Werth played 11 seasons in the Majors and helped the Philadelphia Phillies win the 2008 World Series. While playing minor league baseball in Kentucky, he became enamored with horse racing and spent time at the legendary Churchill Downs, the home of the Kentucky Derby, in Louisville.
After he retired, he moved into horse racing ownership and helped form Icon Racing. One of his horses, Dornoch, won the Belmont Stakes in 2024. He has also had horses in the other Triple Crown races the past two years.
Werth is one of the founders and partners in Icon. Kelley, who pitched for six Major League teams in a decade-long career and is a native of Louisville, Ky., is a partner in Icon. Another founder and partner in Icon is Jeff Berry, an Owensboro, Ky., native, former MLB agent and — since late last year — a special advisor to Posey.
And that’s where one gets into the “six degrees of Kevin Bacon stuff,” as Kelley explained to Werth, who called Vitello an “Off the Rail podcast contributor.”
“Our partner, Jeff Berry, he’s a special assistant to Buster and Jeff and I kind of talked,” Kelley said. “I knew Tony well. He had an idea. He wanted a rock star to come in and change the culture in the Giants and do something different.”
Kelley then joked that he would be the new pitching coach and Werth would be the new hitting coach.
Hiring Vitello is different — and risky for Posey and the Giants.
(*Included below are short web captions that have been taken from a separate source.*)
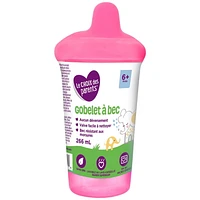 Parent’s Choice Sippy Cup, Pink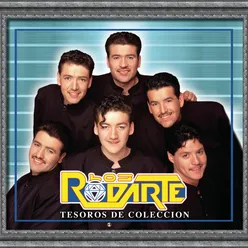 Y Me Dijo Eres Tú (Album Version)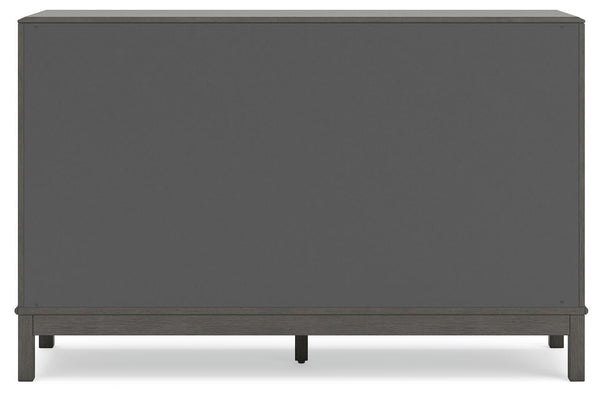 Mazing - Dresser - Gray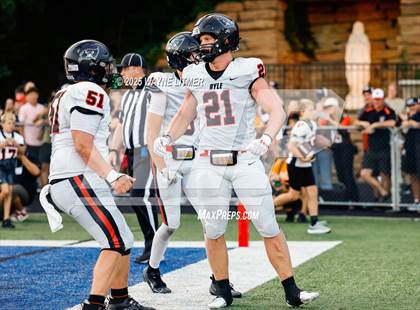 Thumbnail 1 in Ryle @ Covington Catholic photogallery.
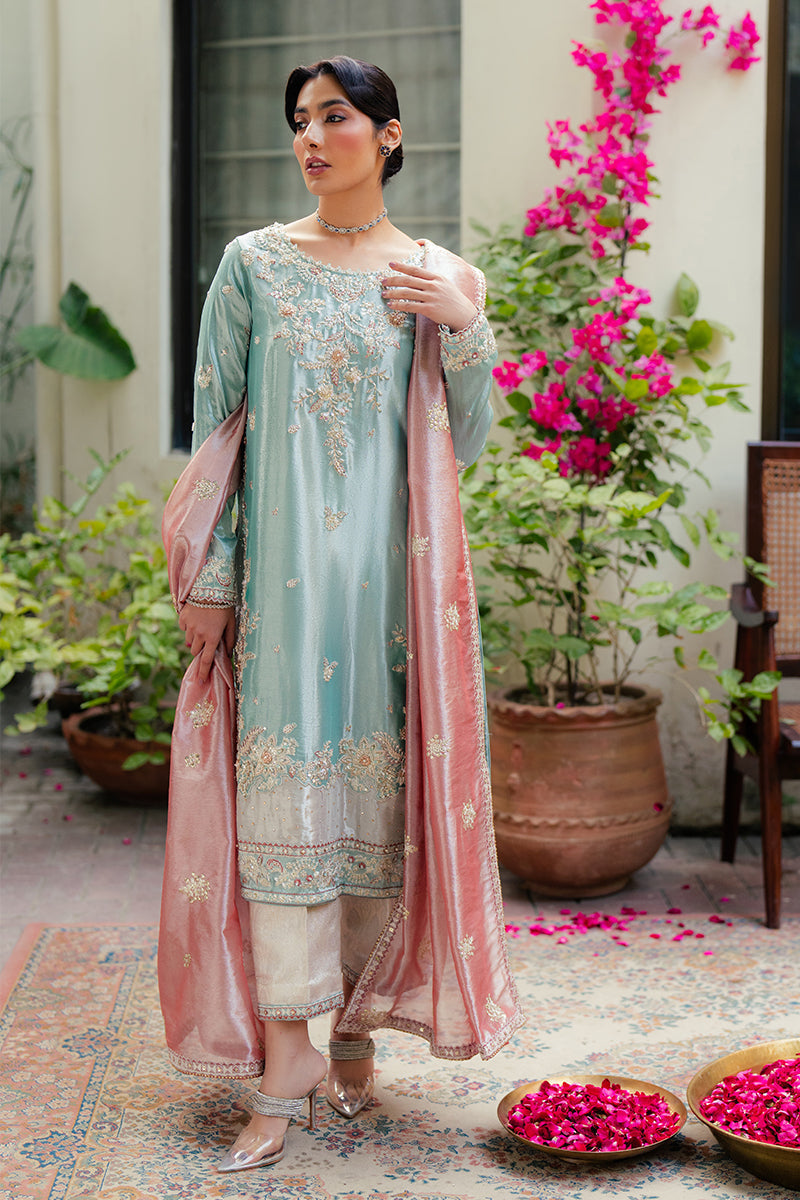 Mushq | Sunehri Resham Edit | EMAN - Ladies Clothes 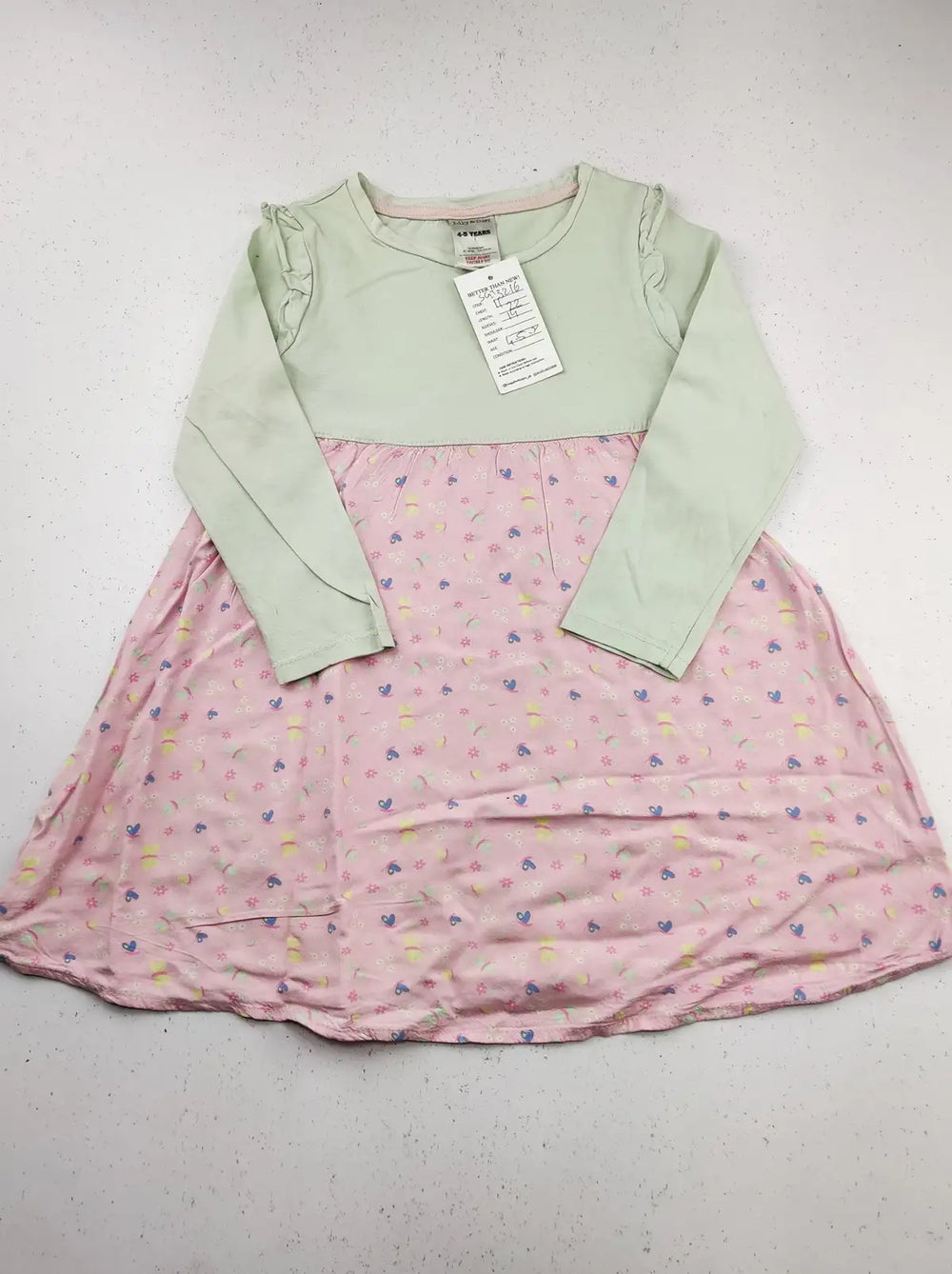 Buy online pre-used pre-loved 100% authentic & Original branded Lily & Dan (SGT-3216) available in Pakistan. Top international brands avilable.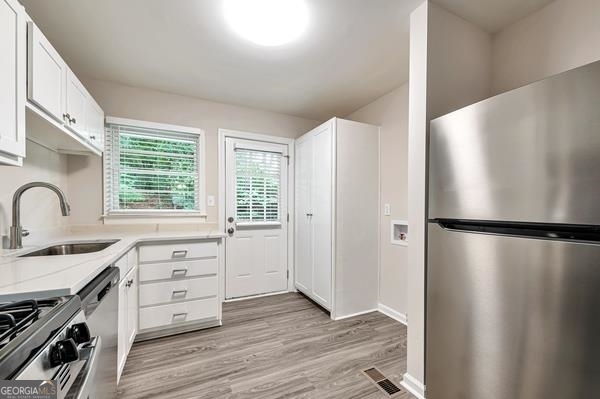 551 Wimbledon Unit A Atlanta GA 30324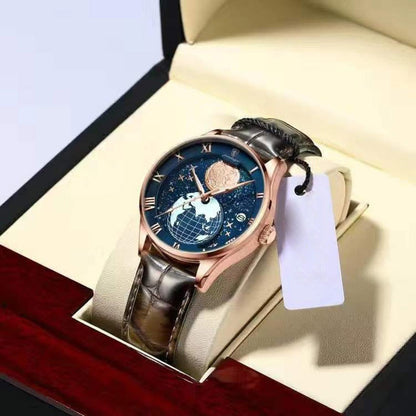Daniel PortlandOlsen & Olsen™ Elegant Women’s Fashion Quartz Watch™ FORRETNINGSURE Quartz Watch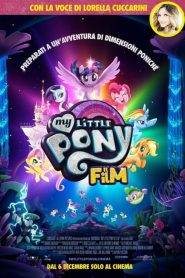 My Little Pony: il film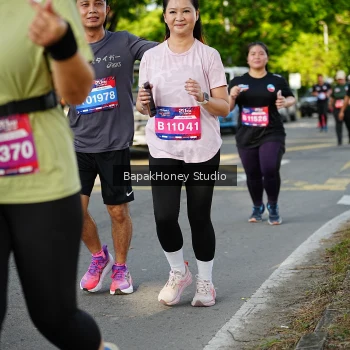Runner Photo 4047632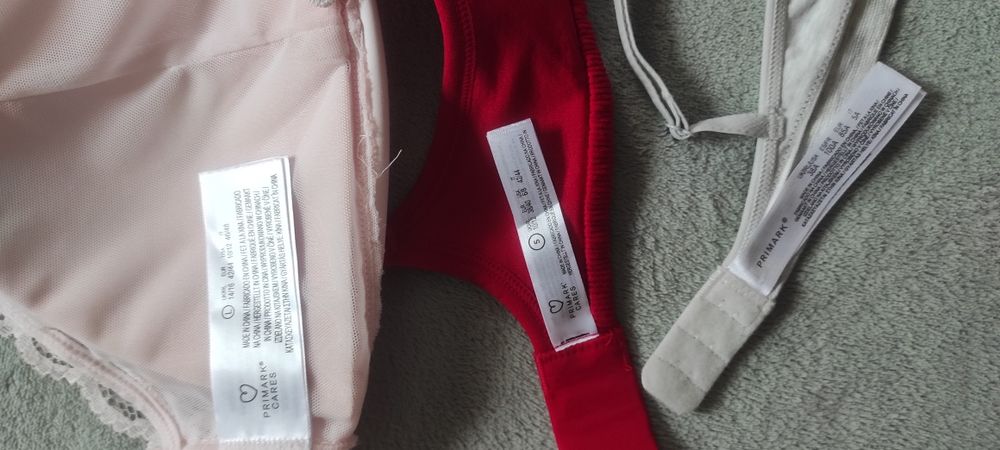 Топ - бюст, сток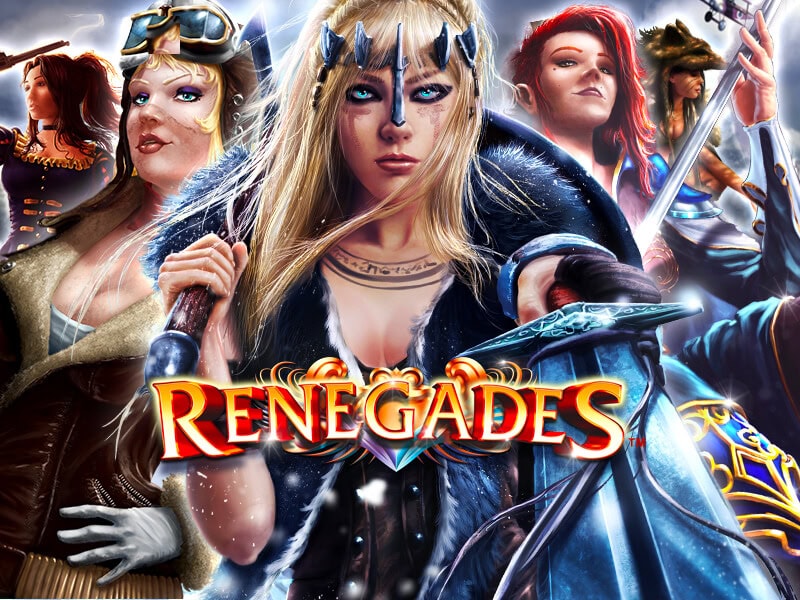 Renegades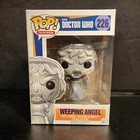 Funko POP! Television - BBC Doctor Who - #226 Weeping Angel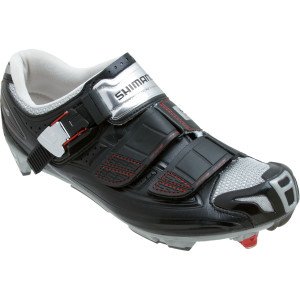 Shimano SH-M310 Custom Fit Mountain Bike Shoe - Men's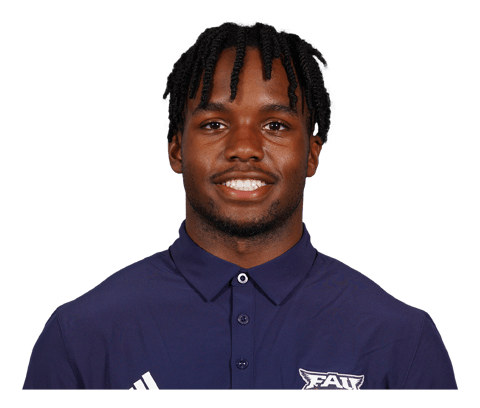 Xavier Terrell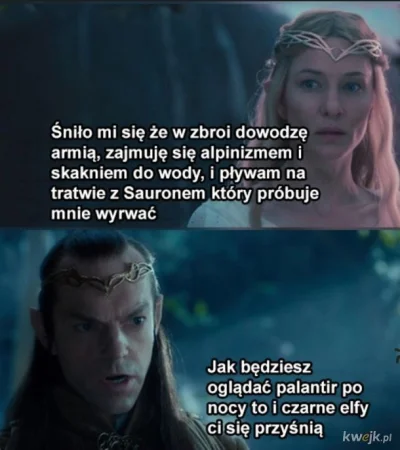 rbk17 - #pierscieniewladzy #lotr #heheszki 

#spojler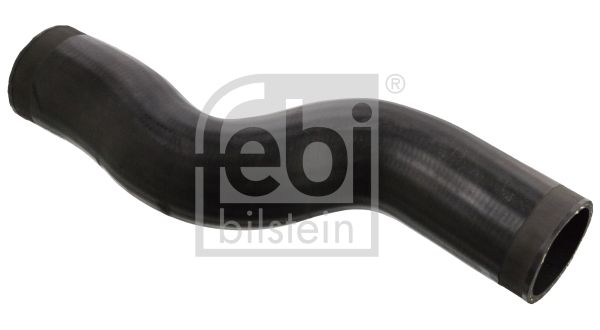 Febi 103138 Патрубок інтеркулера Febi 103138 Патрубок інтеркулера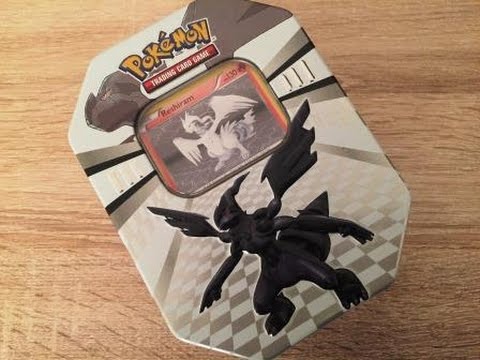 comment gagner zekrom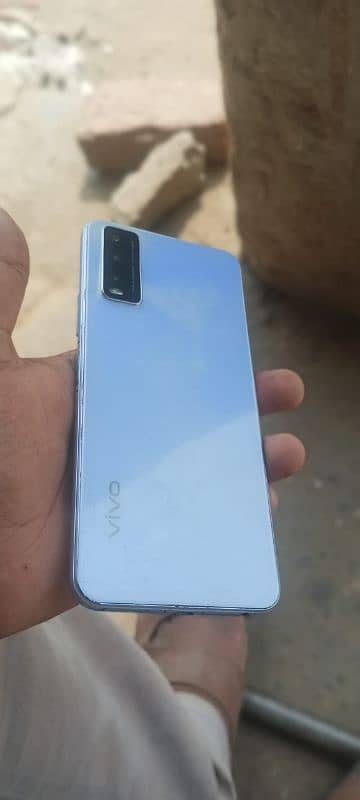 Vivo Y20 0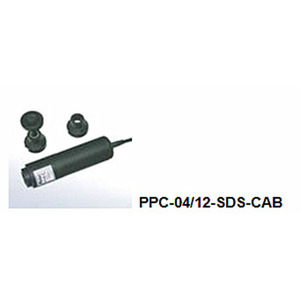 Conector de Prueba de Presión Stauff Tipo Pin con Sellado de Bola 0-600 Bar de Acero Inoxidable para Sistemas Hidráulicos - Product Image 4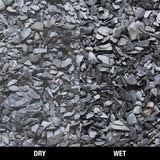 Bowland Stone Blue Slate (750kg Bulk Bag)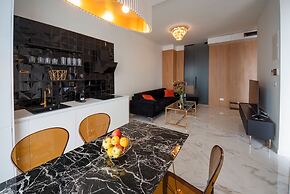 MEDITERANA Art Deco Resort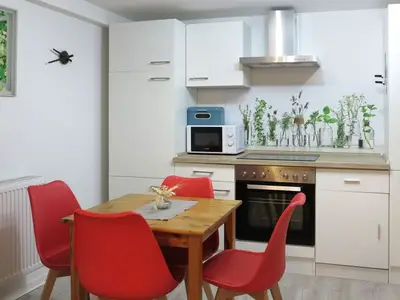 Ferienwohnung für 5 Personen (80 m²) in Jork 2/10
If it works, the payoff could be massive, not just for the Giants but for other college coaches around the country.
Vitello takes over the Giants after spending eight seasons at Tennessee, where he spent eight seasons rebuilding the Volunteers into one of the best baseball programs in NCAA Division I. That reached a zenith in 2024 when he guided Tennessee to 60 wins and the Men’s College World Series championship in 2024. He also took the program to the MCWS in 2021 and 2023. He also led the program to two SEC regular-season and tournament championships.
Before that, the collegiate infielder at Missouri was an assistant coach at Missouri, TCU and Arkansas.